The presence of tachykinin NK2 receptors in the bladder mucosa is a novel finding. Immunoreactivity for muscarinic receptors (M2 and M3) has previously been described, on human urothelium, suburothelial myofibroblasts, nerve fibres and detrusor (Mukerji et al., 2006). The sources of the endogenous agonists are not clear from this study. Tachykinin-like immunoreactivity is present in a subset of suburothelial nerves (Smet et al., 1997); acetylcholine might originate from neuronal sources, as well as from the urothelium (Yoshida et al., 2006). In bladder, the role of NK2 receptors has traditionally been in the mediation of smooth muscle contraction, for example of the detrusor, as reported previously in human (Zeng et al., 1995), pig (Templeman et al., 2003) as well as other species (reviewed in Candenas et al., 2005). The abundance of NK2 receptors in peripheral smooth muscle has made them a key therapeutic target in a number of human disorders (Lecci and Maggi, 2003). Furthermore, pathological conditions such as Crohn's disease and ulcerative colitis show marked changes of NK1 and NK2 receptors, suggesting their important role in inflammatory bowel diseases (Mantyh et al., 1988; Renzi et al., 2000; Menzies et al., 2001). This study has discovered a new (so far, unintended) target for drugs in the treatment of diseases involving the NK2 receptor.

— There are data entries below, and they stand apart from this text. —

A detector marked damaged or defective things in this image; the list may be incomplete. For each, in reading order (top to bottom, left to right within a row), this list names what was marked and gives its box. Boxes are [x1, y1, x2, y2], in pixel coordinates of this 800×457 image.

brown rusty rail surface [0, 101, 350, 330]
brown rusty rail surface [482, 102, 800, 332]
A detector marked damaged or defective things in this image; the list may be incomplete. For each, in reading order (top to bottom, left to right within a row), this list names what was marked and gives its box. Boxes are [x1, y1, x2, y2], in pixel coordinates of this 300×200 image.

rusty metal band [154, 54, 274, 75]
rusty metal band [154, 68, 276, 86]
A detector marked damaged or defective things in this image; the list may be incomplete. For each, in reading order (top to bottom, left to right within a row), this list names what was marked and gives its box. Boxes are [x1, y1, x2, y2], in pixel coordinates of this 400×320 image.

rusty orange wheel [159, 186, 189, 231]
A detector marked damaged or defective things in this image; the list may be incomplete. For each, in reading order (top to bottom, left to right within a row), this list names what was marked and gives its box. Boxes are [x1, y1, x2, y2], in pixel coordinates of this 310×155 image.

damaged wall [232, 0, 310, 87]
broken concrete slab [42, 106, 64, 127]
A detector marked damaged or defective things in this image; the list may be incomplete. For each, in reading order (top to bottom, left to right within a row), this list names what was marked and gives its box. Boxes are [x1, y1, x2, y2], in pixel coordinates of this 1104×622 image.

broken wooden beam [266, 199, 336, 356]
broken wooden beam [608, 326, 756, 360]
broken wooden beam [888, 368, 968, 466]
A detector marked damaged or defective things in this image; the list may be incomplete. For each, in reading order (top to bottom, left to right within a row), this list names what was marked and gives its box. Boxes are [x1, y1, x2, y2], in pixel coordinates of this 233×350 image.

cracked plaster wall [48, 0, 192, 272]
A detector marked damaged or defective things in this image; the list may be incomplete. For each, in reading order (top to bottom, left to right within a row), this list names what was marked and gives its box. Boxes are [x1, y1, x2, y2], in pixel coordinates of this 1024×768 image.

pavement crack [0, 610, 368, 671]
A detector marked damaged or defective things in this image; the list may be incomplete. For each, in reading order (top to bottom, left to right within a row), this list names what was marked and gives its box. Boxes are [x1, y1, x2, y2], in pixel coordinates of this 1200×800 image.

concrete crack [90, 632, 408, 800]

This study has shown both functional and histological evidence for contractile properties of the pig bladder mucosa, distinct from the detrusor. Mucosal contractions to NKA appear to be directly mediated via NK2 receptors. The contractile elements are likely to include the SMA-immunoreactive layer underneath the urothelium, provisionally identified as myofibroblasts, and perhaps the extensive network of blood vessels. We require further understanding of the molecular and cellular characteristics of this layer, and of the location and density of the NK2 and other receptors present within the mucosa. Although this study focused on the urinary bladder mucosa, it is probable that mucosal layers in other organ systems also have contractile properties. This may be important in vivo for matching the mucosal surface area to volume.

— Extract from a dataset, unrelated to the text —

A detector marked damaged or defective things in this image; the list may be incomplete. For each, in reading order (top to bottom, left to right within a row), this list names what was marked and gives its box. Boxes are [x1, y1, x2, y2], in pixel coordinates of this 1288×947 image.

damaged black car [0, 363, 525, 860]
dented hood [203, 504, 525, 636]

The acquisition of pig bladders was made possible by the Biological Resource Centre, UNSW. We thank Mr Lawrence Young (Dako, Australia) for the gift of desmin antibody and for valuable assistance in immunohistochemical studies, Dr Fei Shang for assistance in functional studies and in photomicroscopy and Dr Lu Liu for advice on data analysis.
The authors state no conflict of interest.